In our presentation, we leverage information from investigation and characterization work at several Per-and polyfluoroalkyl substances (PFAS) impacted sites to highlight key components, approaches, and tools that should be considered during Remedial Investigations (RIs) for developing robust conceptual site models (CSMs). PFAS are a class of over 3,000 chemicals that have been measured in various environmental media and threaten human health (via consumption of contaminated drinking water and fish) and ecological receptors as PFAS are known to bioaccumulate in the food web.
In response to exposure risks from PFAS, several recent environmental regulations have been enacted or proposed. The United States Environmental Protection Agency (USEPA) has designated perfluorooctanoic acid (PFOA) and perfluorooctane sulfonic acid (PFOS) as CERCLA hazardous substances and established Maximum Contaminant Levels (MCLs) for currently five PFAS along with MCLs based on Hazard Index of 1 for PFAS mixtures. Under the Clean Water Act, the USEPA has proposed ambient water quality criteria for PFOA and PFOS along with also proposing to regulate PFAS discharges to surface water under the National Pollutant Discharge Elimination System (NPDES). Additionally, some states have placed fish consumption advisories on severely affected aquatic environments and also established stringent surface water regulatory criteria. These current and impending regulations will necessitate remedial actions to mitigate PFAS impacts in environmental media (groundwater, soil, surface water and sediment).
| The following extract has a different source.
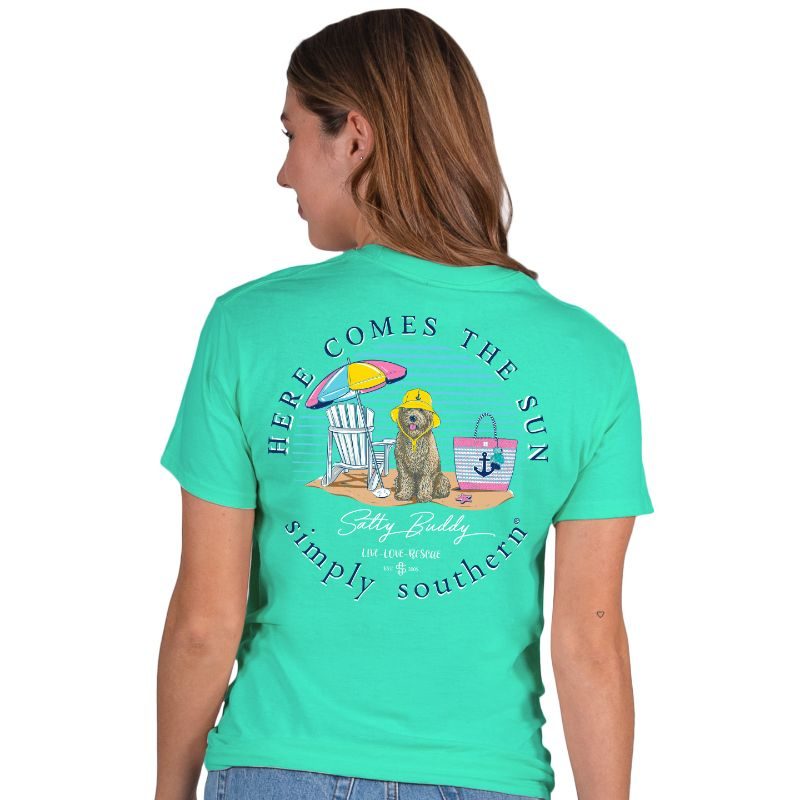 Simply Southern Preppy Save The Turtles Beach Turtle T-Shirt Youth Small / Ice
PFAS can exhibit a wide range of behaviors depending on chemical properties, media composition, and geochemical factors. The understanding of the nature and extent as well as distribution and partitioning behavior of PFAS becomes an important element of remedial investigations and CSM development at Superfund sites. Because of their persistence and transport characteristics, PFAS in groundwater and surface water can travel great distances from release sources and ultimately impact drinking water sources. Several processes such as groundwater – surface water interaction (GSI), surface runoff, stormwater discharges, and groundwater infiltration into compromised storm sewer networks may be responsible for PFAS fate and transport at sites. Since PFAS migration can occur through multiple pathways, a comprehensive CSM that considers all potential fate and transport processes is critical to inform exposure risks and decision-making on remedial actions. A wholistic CSM evaluation from field investigations including assessments of PFAS fractionation in different environmental media and together with hydrogeology, geophysics, and flow measurements can help elucidate predominant transport pathways. We present observations and lessons learned on important PFAS migration mechanisms that should be investigated to develop accurate CSMs.
Poster presented at the 2025 Waste Management Symposia.